Thanks! Merged to master as of 7cef472ed1fea75cc63cb0d8ac86d6a13d08517d

Patch

diff --git a/core/hmi.c b/core/hmi.c
index 1f665a2f..d9240cee 100644
--- a/core/hmi.c
+++ b/core/hmi.c
@@ -379,7 +379,7 @@  static bool decode_core_fir(struct cpu_thread *cpu,
 {
 	uint64_t core_fir;
 	uint32_t core_id;
-	int i;
+	int i, swkup_rc;
 	bool found = false;
 	int64_t ret;
 	const char *loc;
@@ -390,14 +390,19 @@  static bool decode_core_fir(struct cpu_thread *cpu,
 
 	core_id = pir_to_core_id(cpu->pir);
 
+	/* Force the core to wakeup, otherwise reading core_fir is unrealiable
+	 * if stop-state 5 is enabled.
+	 */
+	swkup_rc = dctl_set_special_wakeup(cpu);
+
 	/* Get CORE FIR register value. */
 	ret = read_core_fir(cpu->chip_id, core_id, &core_fir);
 
-	if (ret == OPAL_HARDWARE) {
-		prerror("XSCOM error reading CORE FIR\n");
-		/* If the FIR can't be read, we should checkstop. */
-		return true;
-	} else if (ret == OPAL_WRONG_STATE) {
+	if (!swkup_rc)
+		dctl_clear_special_wakeup(cpu);
+
+
+	if (ret == OPAL_WRONG_STATE) {
 		/*
 		 * CPU is asleep, so it probably didn't cause the checkstop.

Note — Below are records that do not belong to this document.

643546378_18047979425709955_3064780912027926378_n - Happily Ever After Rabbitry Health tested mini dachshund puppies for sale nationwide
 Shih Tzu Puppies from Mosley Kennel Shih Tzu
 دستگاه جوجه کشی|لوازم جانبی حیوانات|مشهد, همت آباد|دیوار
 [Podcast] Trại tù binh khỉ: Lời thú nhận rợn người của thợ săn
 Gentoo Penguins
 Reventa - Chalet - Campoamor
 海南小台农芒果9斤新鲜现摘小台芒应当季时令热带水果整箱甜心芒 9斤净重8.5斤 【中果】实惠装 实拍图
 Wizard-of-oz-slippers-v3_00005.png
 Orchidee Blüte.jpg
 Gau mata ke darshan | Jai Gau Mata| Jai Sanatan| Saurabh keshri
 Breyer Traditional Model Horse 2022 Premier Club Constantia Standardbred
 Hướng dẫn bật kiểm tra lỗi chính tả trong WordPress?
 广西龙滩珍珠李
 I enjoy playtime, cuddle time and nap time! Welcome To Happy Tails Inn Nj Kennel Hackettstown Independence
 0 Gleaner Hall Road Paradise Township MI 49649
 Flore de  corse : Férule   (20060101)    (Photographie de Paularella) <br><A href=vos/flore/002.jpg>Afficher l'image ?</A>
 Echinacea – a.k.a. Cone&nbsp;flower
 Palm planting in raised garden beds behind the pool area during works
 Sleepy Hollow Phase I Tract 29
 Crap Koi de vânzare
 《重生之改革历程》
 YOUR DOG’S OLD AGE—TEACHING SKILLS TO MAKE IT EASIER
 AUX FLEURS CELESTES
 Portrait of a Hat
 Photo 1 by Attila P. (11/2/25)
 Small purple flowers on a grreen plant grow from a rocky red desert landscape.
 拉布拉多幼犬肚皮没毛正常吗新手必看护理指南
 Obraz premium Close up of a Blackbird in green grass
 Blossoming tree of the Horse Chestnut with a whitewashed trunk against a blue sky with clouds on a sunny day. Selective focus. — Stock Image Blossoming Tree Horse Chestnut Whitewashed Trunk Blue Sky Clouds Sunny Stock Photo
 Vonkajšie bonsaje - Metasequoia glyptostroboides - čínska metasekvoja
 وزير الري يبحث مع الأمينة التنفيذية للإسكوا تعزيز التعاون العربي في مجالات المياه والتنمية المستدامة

 		 * If no other HMI cause is found a "catchall" checkstop
@@ -408,6 +413,10 @@  static bool decode_core_fir(struct cpu_thread *cpu,
 		      "FIR read failed, chip %d core %d asleep\n",
 		      cpu->chip_id, core_id);
 		return false;
+	} else if (ret != OPAL_SUCCESS) {
+		prerror("XSCOM error reading CORE FIR\n");
+		/* If the FIR can't be read, we should checkstop. */
+		return true;
 	}
 
 	if (!core_fir)